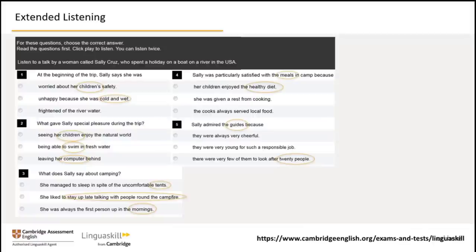First, look at the black box. This gives you instructions and sets the context. Before we listen, let's look through the questions and options. It's a good idea to take note of words and expressions that stand out in the questions and options to help you follow the recording. I've highlighted some of the key words you'll hear when you listen. These act as signposts to help you follow the audio. Take a minute now to look through the questions and options.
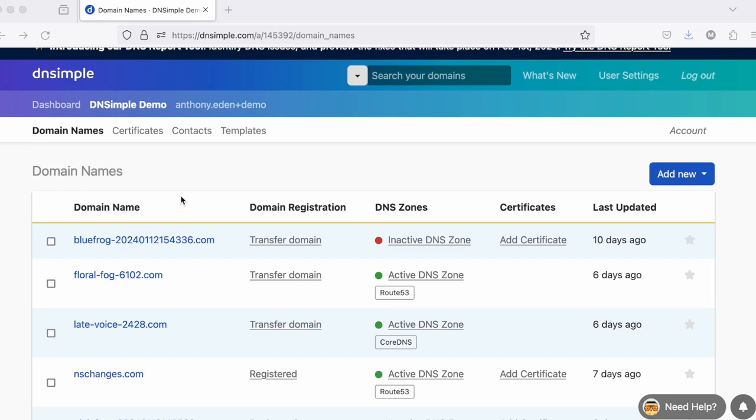The DNSimple domain names list is where you see all of the domain names for any given DNSimple account that you can manage.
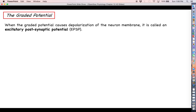That's going to do it for this video. There's a lot of information that you're probably going to want to take a break and digest. When we come back, we will start putting things together and specifically talk about the graded potential, which comes in two varieties: depolarization or hyperpolarization. I will look forward to seeing you next time.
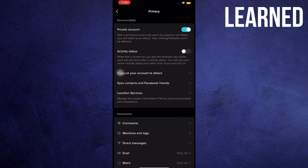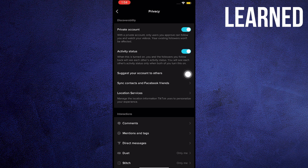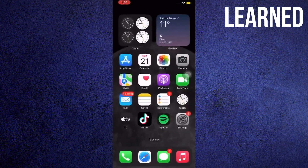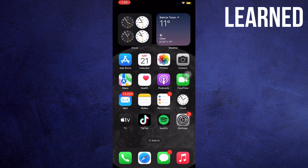Go to My Settings. Once on your settings, click over at Privacy. Now, tap over to the Activity Status. Slide it over to the right, and you should now be active on TikTok.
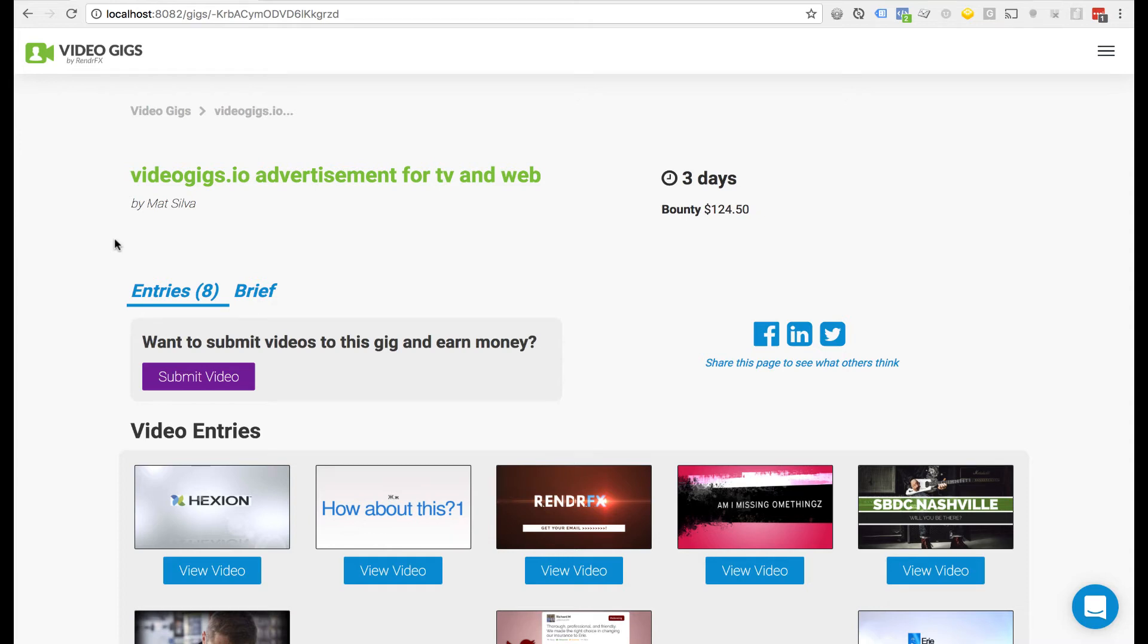Hey video creators! Thank you so much for watching this. I'm going to show you how to submit a video to a video gig.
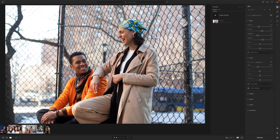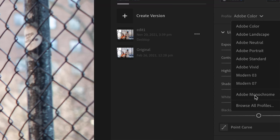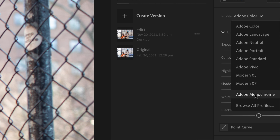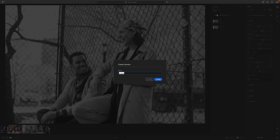For this exercise, we're going to intentionally name our versions. The first thing I'm going to do is click Create Version and name this Edit One. After Edit One, we're going to try something else. We really love this color edit, but we want to see it in black and white. So we're going to go over to Profiles and change from Adobe Color to Adobe Monochrome. After we switch to black and white, we want to hit Create Version and name this one Black and White.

==================================================

Skip the pictures, please, and transcribe only the lines from the beginning of the material through the one that contains "That's going to".

First, look at the black box. This gives you instructions and sets the context. Before we listen, let's look through the questions and options. It's a good idea to take note of words and expressions that stand out in the questions and options to help you follow the recording. I've highlighted some of the key words you'll hear when you listen. These act as signposts to help you follow the audio. Take a minute now to look through the questions and options.
The DNSimple domain names list is where you see all of the domain names for any given DNSimple account that you can manage.
That's going to do it for this video. There's a lot of information that you're probably going to want to take a break and digest. When we come back, we will start putting things together and specifically talk about the graded potential, which comes in two varieties: depolarization or hyperpolarization. I will look forward to seeing you next time.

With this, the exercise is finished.